Task to complete:
Retype nothing except the lines below from the one with "72″ x 60″ Gloss" through the one with "Isotonic Indulgence Synthetic", exactly, with images left out.

Data excerpts:
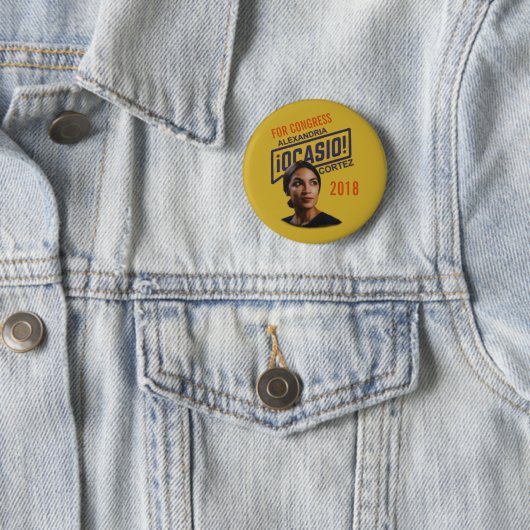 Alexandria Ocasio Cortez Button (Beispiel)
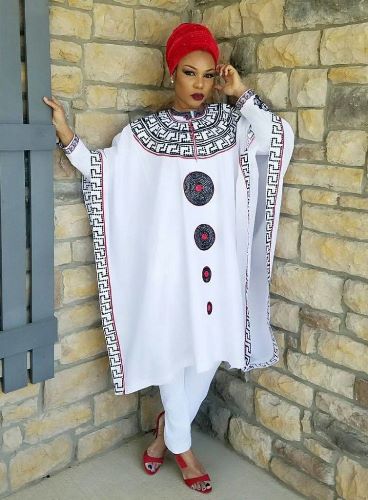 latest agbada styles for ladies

---

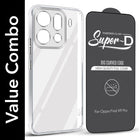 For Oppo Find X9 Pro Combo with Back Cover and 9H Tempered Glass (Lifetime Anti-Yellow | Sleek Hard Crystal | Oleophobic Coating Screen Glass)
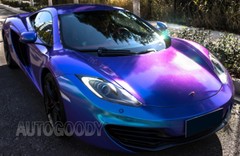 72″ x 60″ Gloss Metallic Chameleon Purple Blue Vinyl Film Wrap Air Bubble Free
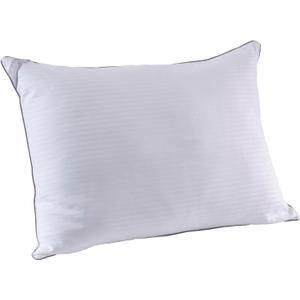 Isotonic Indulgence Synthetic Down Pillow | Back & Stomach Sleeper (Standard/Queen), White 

--

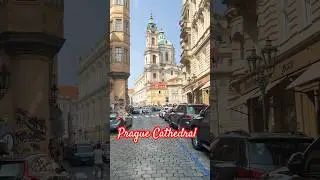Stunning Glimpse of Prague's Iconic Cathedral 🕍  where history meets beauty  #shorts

Answer space:
 72″ x 60″ Gloss Metallic Chameleon Purple Blue Vinyl Film Wrap Air Bubble Free
 Isotonic Indulgence Synthetic Down Pillow | Back & Stomach Sleeper (Standard/Queen), White 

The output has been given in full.